Atatürk büyük bir başkan, büyük bir asker olmasının yanı sıra insan ve hayvan sevgisini yüreğinde barındıran bir insandı. Yıllarca savaş meydanlarında katılaşmayan o yüreği ortamızdan ayrılana kadar de o denli kaldı…
Atatürk Ankara’daki Çankaya Caddesi’nden makam aracıyla geçiyordu. O tarihlerde yollar ağır olmadığı üzere öbür araçlar bulunmuyor, yollar geniş değildi.
Köşk’e dönülüyordu. Bir orta boynunda tasması olan sempatik bir av köpeği birden Atatürk’ün makam aracının önüne fırladı.
Şoförün ani fren yapması köpeğe çarpmasına mani olamadı.
Çamurluklardan biri köpeğe çarparak yan tarafa fırlattı.
Köpek ölmedi, yerde kıvranıyordu.
Atatürk olanları görünce bir an elini yüzüne kapadı. Daha sonra yanındakilere buyruk verdi, “Hayvanı çabucak baytara gösterip muayene ve gerekirse tedavi ettirin, bana durumu bildirin” dedi.

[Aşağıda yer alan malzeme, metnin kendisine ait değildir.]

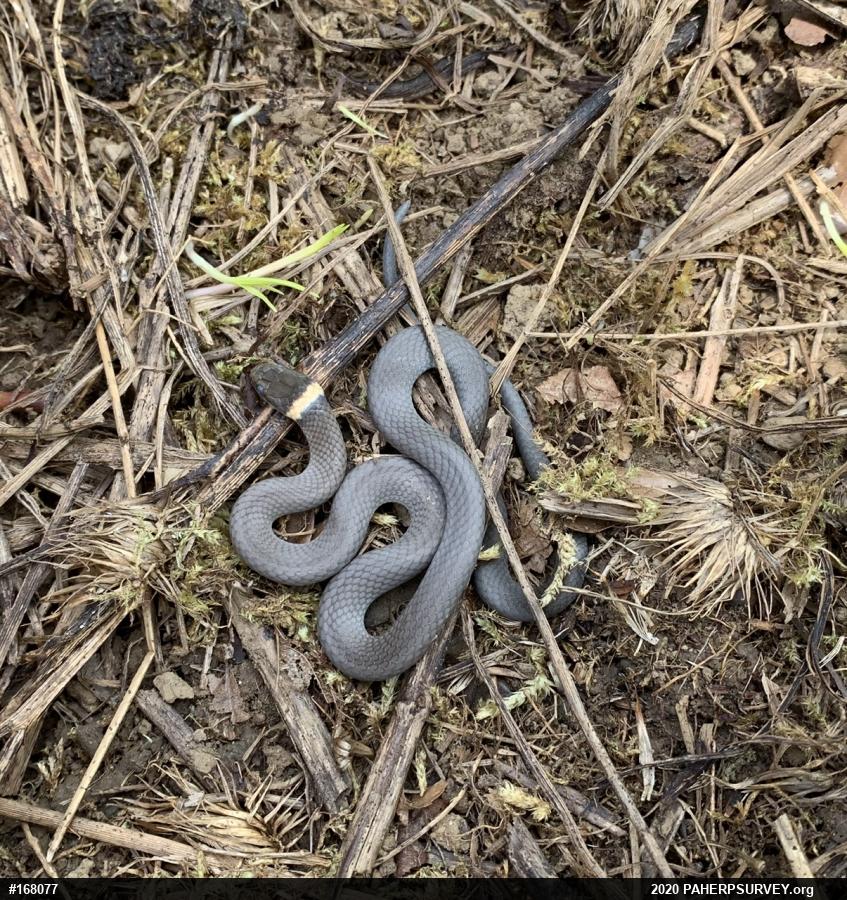 Northern Ring-necked Snake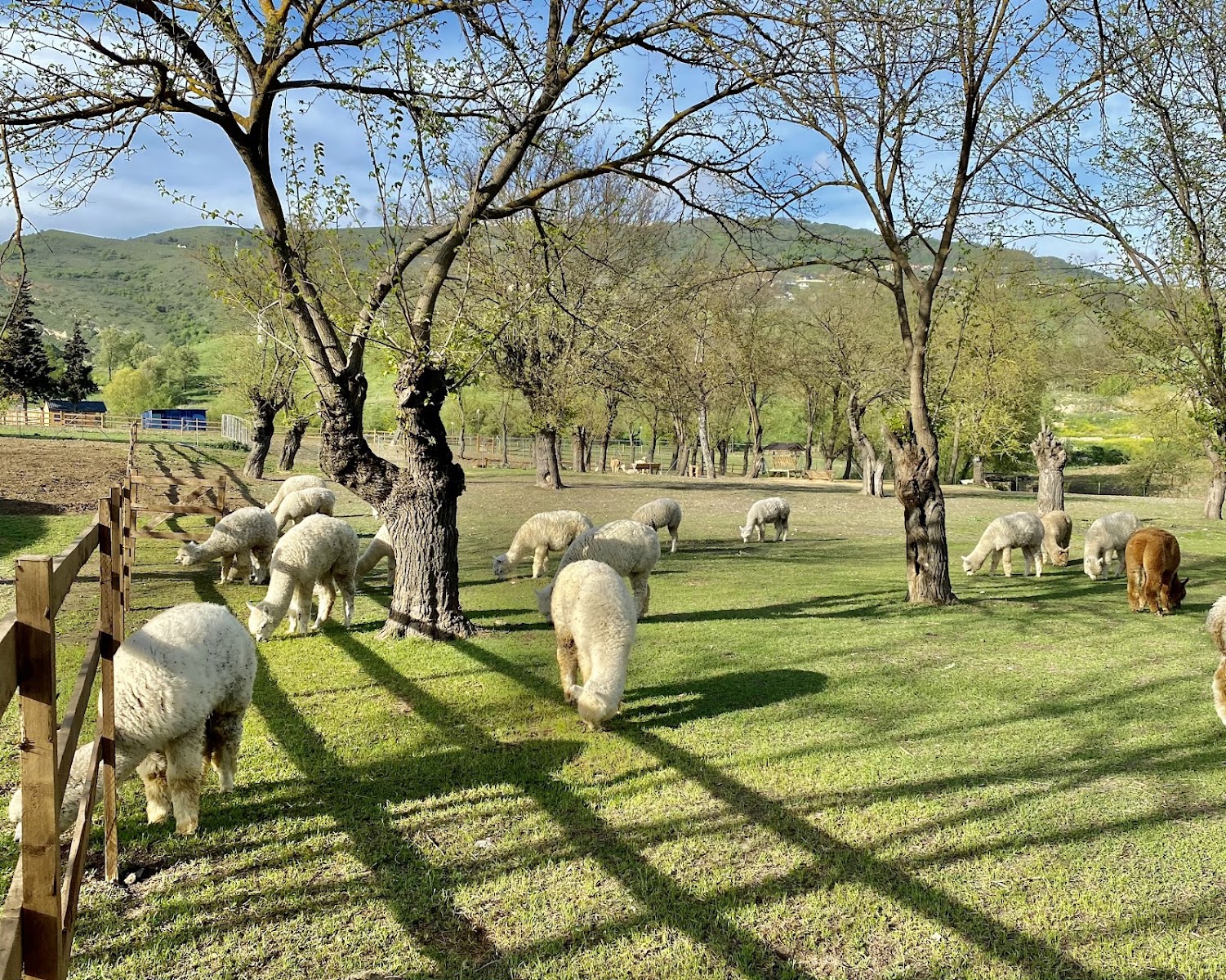 Alpaca Azerbaijan — photo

Köpek çabucak bir baytara götürüldü, tedavisi yaptırıldı, muayene sonucu köpeğin yarasının hafif olduğu fakat bir gözünün kör olduğu için uygun görmediği anlaşıldı.
Durum Atatürk’e bildirilince çok memnun oldu.
Kaynak: Akşam Gazetesi, 10 Kasım 1968. Bahri S. Noyan’ın anısı.